In recent years, there has been a significant increase in the volume of electronic documents and communications generated, sent and received in the course of providing professional services. (There has also been a slight decrease in physical mail and faxes being sent and received.) This is largely a result of the increased use of email. In effect, electronic format is replacing hard-copy. The use of electronic or digital storage means that it is possible to conceive of a “paperless office” in which a user need only make a hard copy of a document in specific circumstances, for example, where a signature is required, or where the person using the document has a preference to read or annotate a document in hard copy format, or where the document must be physically filed with a court or government office.
The move towards electronic communication and storage is supported by business generally because it increases the speed and efficiency with which documents can be handled, two attributes which are important to profitability. It is of vital importance to firms, including but not limited to professional service firms, such as law firms, and other organizations that they record, manage and track these communications and other documents both internally within the relevant organization and with external participants including, but not limited to clients, customers, suppliers, experts and advisers.
This ease and speed with which communications can be exchanged, and documents amended, has manifested itself by the distribution of large numbers of emails and electronic documents both within a firm and with the client and other external parties. Accordingly, individuals need to organize far greater numbers of documents than ever before, increasing the amount of administrative tasks they must carry out. For example, it is not unusual for an accountant, consultant or lawyer to receive more than 100 emails per day, which must be read, deleted if unimportant or stored in a logical and retrievable fashion. In practice it is difficult, time consuming and impractical. For example, lawyers and other professionals and their assistants must print all electronic documents and communications and place them on a hard copy file on a daily basis. Consequently, the development of an easy-to-use solution that supports electronic files is highly desirable.
There is a need for a system where all documents and communications relating to an engagement can be efficiently stored, managed and retrieved electronically in an organized and structured manner.
Document management techniques currently exist that allow electronic documents of different kinds to be brought together into a single repository. For example, Interwoven's Desksite system (a document management system used in the legal sector) allows documents created in applications such as Microsoft Word, Microsoft Exchange or Microsoft Excel to be collated and placed in a single logical structure according to the project to which the documents relate. Some of these currently existing document management systems are also able to record details of interactions other than what are typically regarded as “documents”, such as phone calls. (Most, though, began their development life as document-centric systems and are cumbersome in the way they record non-document interactions.) Some allow data about the document to be stored with the document, such as the document creator's name, or the time and date the document was created. This type of data about the document, which is itself a form of data, is sometimes called metadata—i.e. data about data.

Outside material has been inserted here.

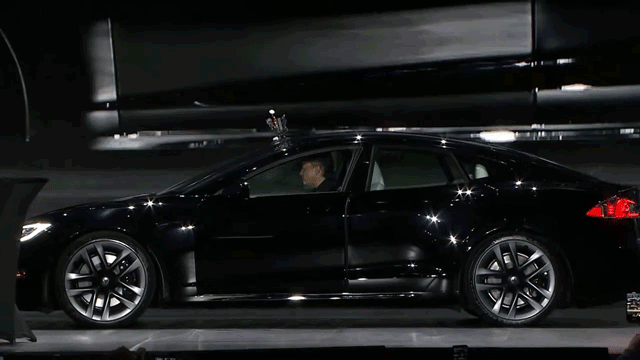 方向盘这次真“方”了！特斯拉Model S Plaid首次公开试驾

However, beyond attaching some metadata to each document, much of which the user is called upon to supply, none of the currently existing document management techniques are directed at learning the document structure of each document they collect and store. There are several difficulties with this approach.
For example, imagine a particular email (“email A”) that is a reply to an email (“email B”) that was a reply to another email (“email C”) that was in reply to another email (“email D”); i.e. emails A, B, C and D form part of an “email chain”. By simply storing email A in an email system's native format, the currently existing systems cannot easily determine from email A who was the first sender in the email chain (i.e. the sender of email D). This may be important, for example, to a lawyer seeking to extract all email discussions initiated by a client. Text searching, of course, is possible. An advanced user might be able to construct a complex Boolean search query that looks through the text of the email conversation recorded in the email for the last “To:”. But this is cumbersome and presumes knowledge of Boolean search techniques in the user.

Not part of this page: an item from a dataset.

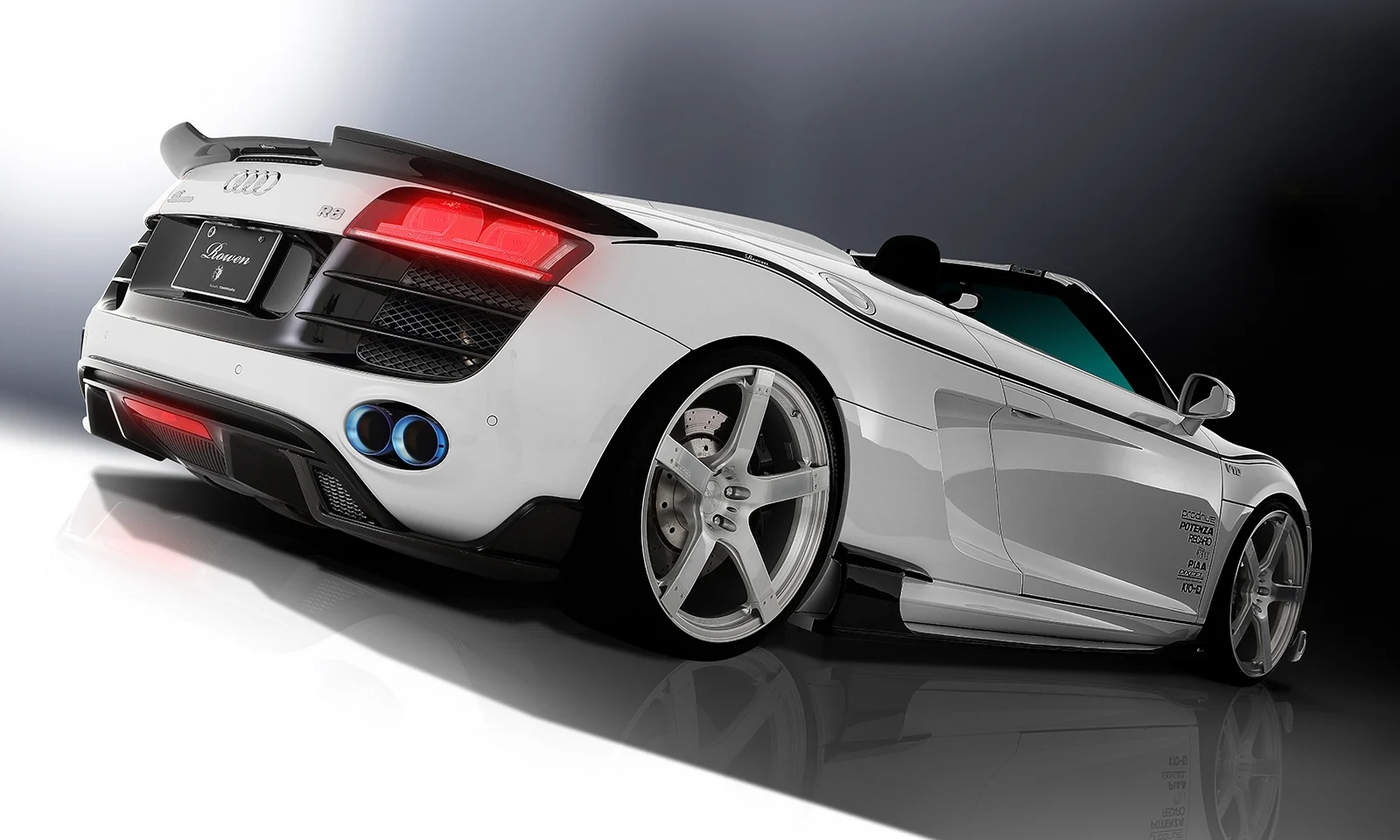 ชุดแต่ง Audi R8 Spyder 5.2(V10) 42BUJF 2010.10~2013.03 Rowen Japan ภาพ 8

By way of another example, it is difficult to instruct currently existing document management techniques to search for all emails that have a Microsoft Excel document attached that is greater than 1 megabyte in size and which was created prior to 20 Jun. 2004 by someone whose surname starts with “Ver” or “Neid”. These emails, or their attachments, might need to be disclosed or discovered to another party in a litigation, for example.
The methods used to associate items with a project are also problematic. Filing items in the correct file is critical to a law firm's document management strategy.
The techniques used by currently existing document management techniques include “dragging and dropping” objects (such as emails in a document management system) to a location (such as an electronic folder), or highlighting items in a list and selecting (for example, from a drop down list) a filing location or project. The process of filing is typically done by the user after the document, communication or item has been created—or in the case of an email—sent or read. Some electronic solutions, such as Interwoven's Desksite system also enable an email to be filed on sending by “cc'ing” the email (that is, sending a carbon copy of the email) to an email address that corresponds with a project's file.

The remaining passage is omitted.